Prompt: Print nothing except the lines of the listing below from the line with "Funny Pittsburgh Steelers" to the line with "1.39 ct. oval Lab Grown Diamond front image", each exactly as written, both ends included.

Dataset entries:
################
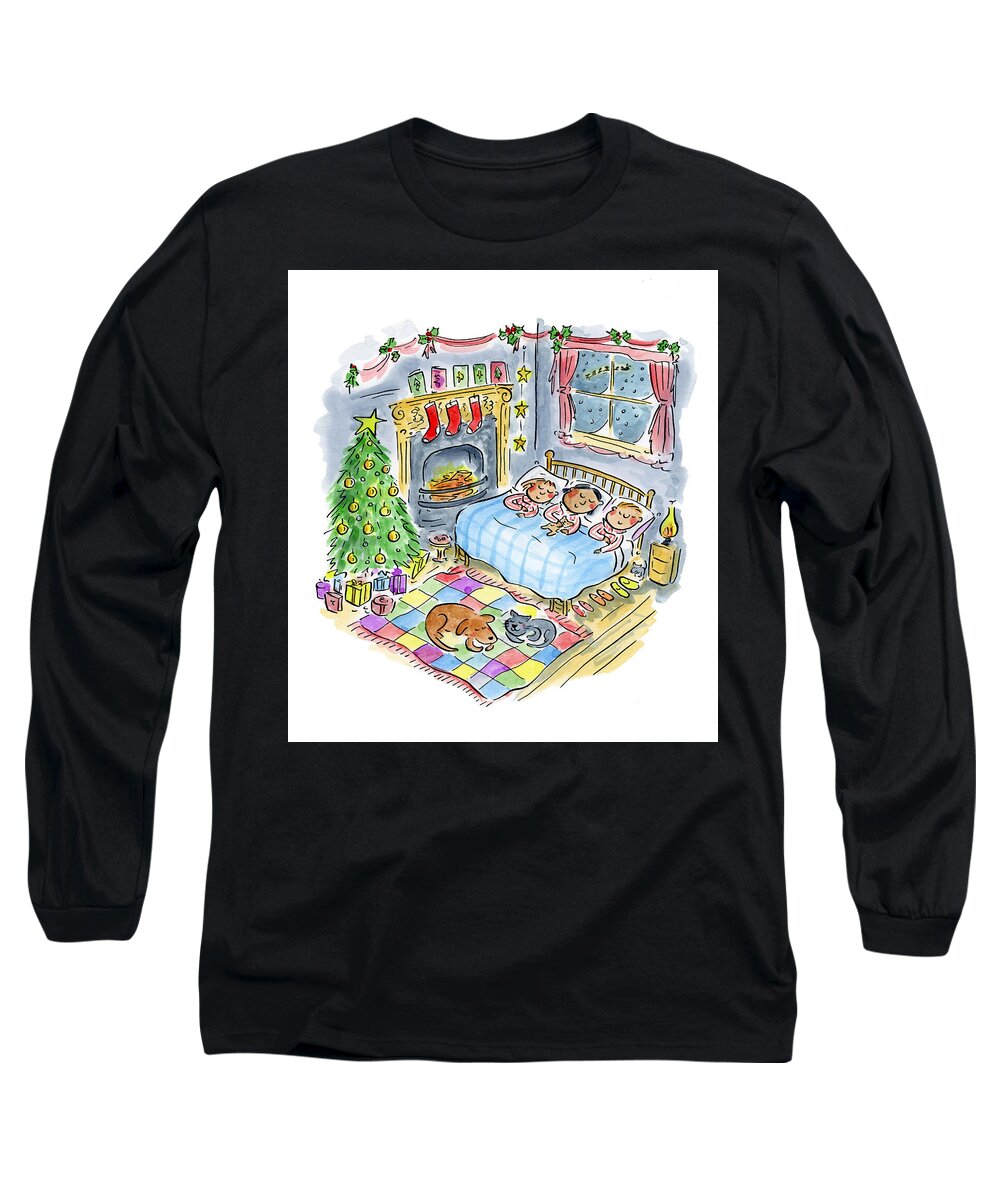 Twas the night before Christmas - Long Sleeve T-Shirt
################
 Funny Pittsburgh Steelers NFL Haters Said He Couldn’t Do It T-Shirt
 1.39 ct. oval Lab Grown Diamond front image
################
Written response:
 Funny Pittsburgh Steelers NFL Haters Said He Couldn’t Do It T-Shirt
 1.39 ct. oval Lab Grown Diamond front image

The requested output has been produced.